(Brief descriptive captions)
::::::::::
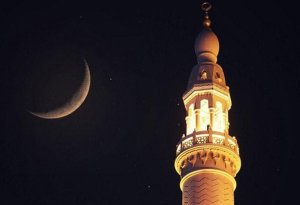 QMİ Ramazan ayı ilə bağlı fətva verib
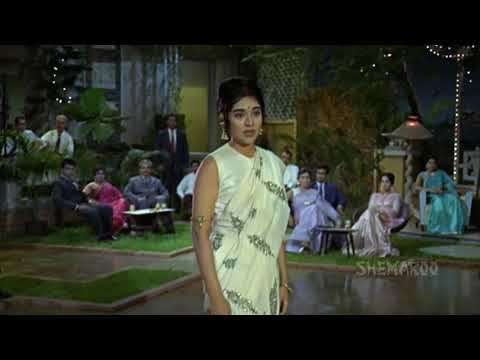 O mere sanam old song | sangam | whatsapp status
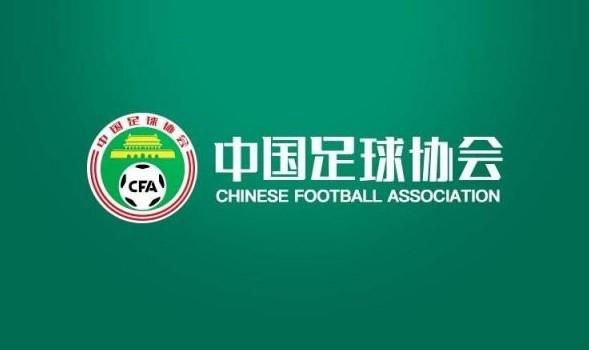 一级特黄aa大片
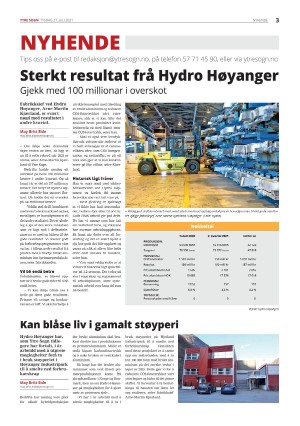 ytresogn-20210727_000_00_00_003.pdf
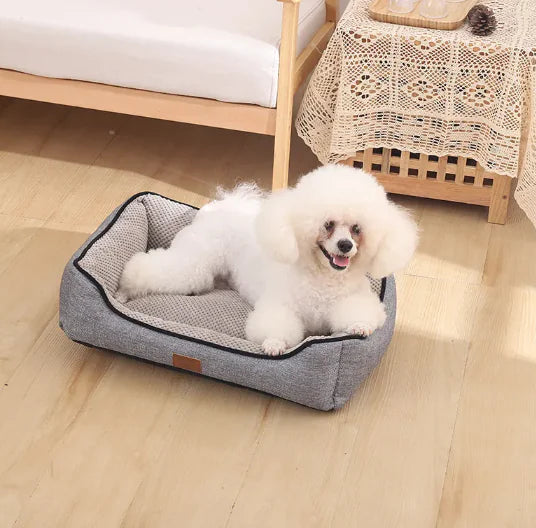 Pet Bed - 888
::::::::::
# Work request
What's needed is an exact copy of every entry, minus the pictures.

# Answer space
 QMİ Ramazan ayı ilə bağlı fətva verib
 O mere sanam old song | sangam | whatsapp status
 一级特黄aa大片
 ytresogn-20210727_000_00_00_003.pdf
 Pet Bed - 888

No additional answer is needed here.